Since my link posting has not gone well recently. I will just share some of what I have read in Google News. If links are wanted, I hope Mr. King or some other person will be able to do that. Sirius XM saw revenues and subscribers jump compared to last year, but the writer of this story doesn't think that will last due to the auto industry problems. And the company is still losing money, but has cut the loses. The shareholders approved issuance of additional shares to 3.5 billion and a reverse split of between 1 for 10 to 1 for 50 by Dec. 2009. In the stories I have read I noticed some interesting things--subs. were said to be up, but the sub. total was said to be 18.5 million. I had thought the total before was 19 million  Also it was said in a story that the average income of a Sirius XM sub was $80,000 :eek2: The service was called a "luxury item". We are on a fixed income that isn't ANYWHERE even REMOTELY close to that figure and we can afford Sirius XM. The very worse news was that the writers of the stories I read still don't think the company will make it  NOTE: There were a lot of stories and I didn't read them all. May be some of the stories were more positive, but none of the ones I read were


----------



## Greg Alsobrook (Apr 2, 2007)

Highlight link... Right click... Click "Copy".... Right click when you're typing thread... Click "Paste"


----------



## Dolly (Jan 30, 2007)

AirRocker said:


> Highlight link... Right click... Click "Copy".... Right click when you're typing thread... Click "Paste"
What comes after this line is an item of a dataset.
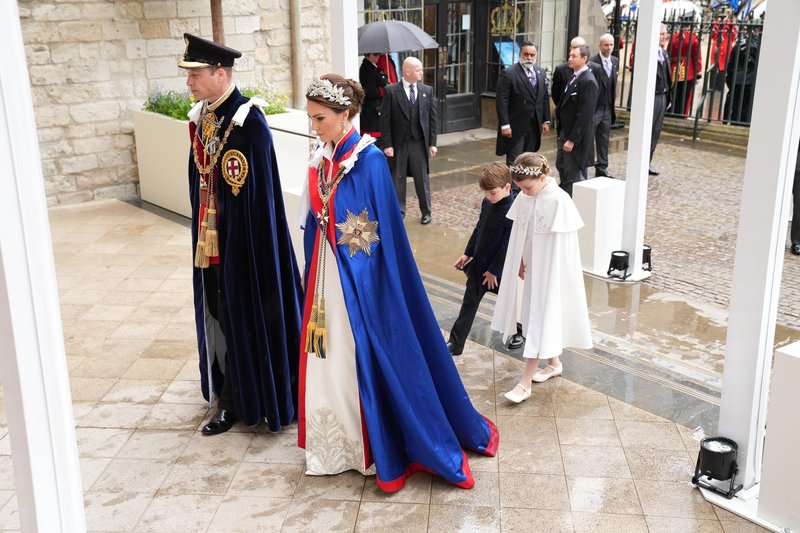 Na kronanju je nosila obleko po meri, ki jo je zanjo izdelala modna hiša Alexander McQueen.
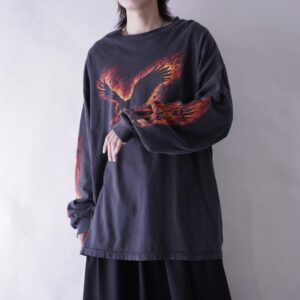 oversized eagle fire pattern fade black L/S tee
That's what you do with a PC. I don't have a PC. I have an MSNTV2. Don't worry if you have never heard of it--few people have :lol: You can Cut, Copy, and Paste with it, but it is more complicated than on a PC. So I just type the link in the post. But my problem has been lately I would read a story get the link and post it, but when I hit on the link to make sure it was correct I got the message the page you are looking for is no longer available


----------